TASK DESCRIPTION –
Write out nothing but the lines from the one containing "Here we're going" through the last line below, both included, and without the pictures.

DATA SECTION –
=== Section Start ===
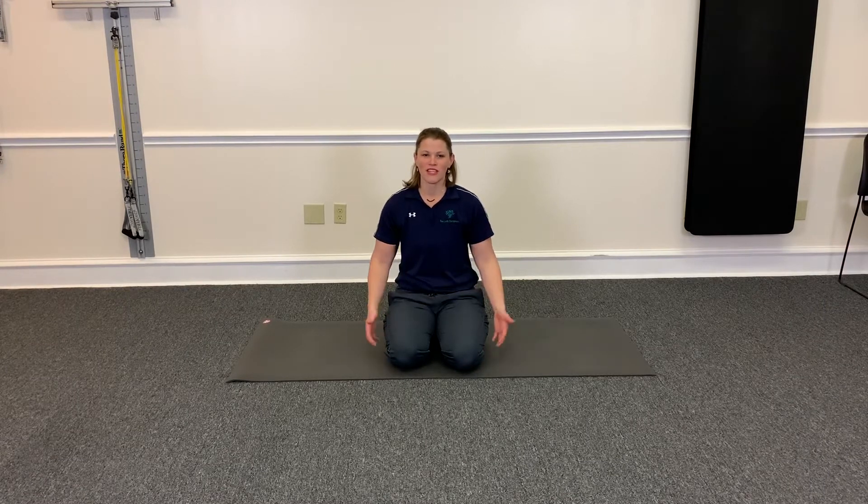Hey guys, it's Dr. Vanessa with CLARK Chiropractic. Today I'm going to show you a mobility drill that's great for your calves, hamstrings, back, shoulders, and upper back. It's also a good exercise for shoulder stabilization and core stabilization.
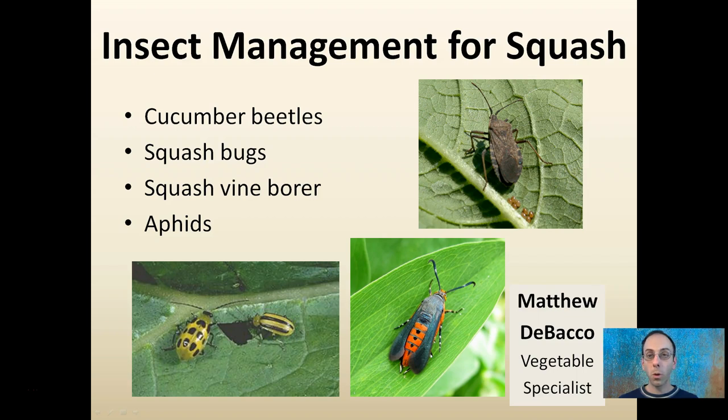Here we're going to look at insect management for squash, because if you're growing squash you're likely to see one if not all four of these insects on your plants.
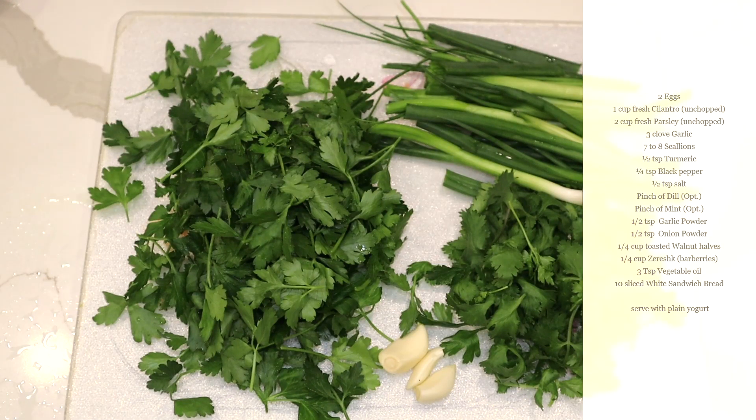Hi, today I would like to make some herbal patty. In Persian it's called kuku sabzi, which means a mixture of herbs with spices. Some people like to add berries and nuts, and then you fry both sides — it becomes a vegetarian patty. Today, since Valentine's Day is coming, I thought I'd make it look Valentine-y, so it's a little change to my herbal patty.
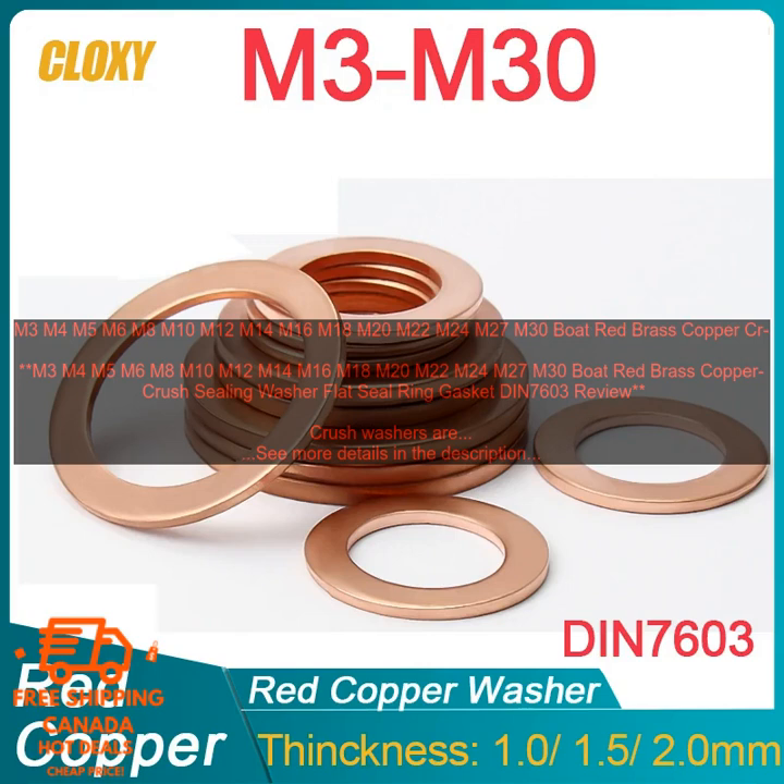If you are looking for a crush washer specifically designed for use in marine applications, then Boat Red Brass Copper Crush Sealing Washers are a good option. They are corrosion resistant, easy to install and remove, and they provide a tight seal that helps to prevent leaks.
=== Section End ===
RESPONSE TO THE EXERCISE –
Here we're going to look at insect management for squash, because if you're growing squash you're likely to see one if not all four of these insects on your plants.
Hi, today I would like to make some herbal patty. In Persian it's called kuku sabzi, which means a mixture of herbs with spices. Some people like to add berries and nuts, and then you fry both sides — it becomes a vegetarian patty. Today, since Valentine's Day is coming, I thought I'd make it look Valentine-y, so it's a little change to my herbal patty.
If you are looking for a crush washer specifically designed for use in marine applications, then Boat Red Brass Copper Crush Sealing Washers are a good option. They are corrosion resistant, easy to install and remove, and they provide a tight seal that helps to prevent leaks.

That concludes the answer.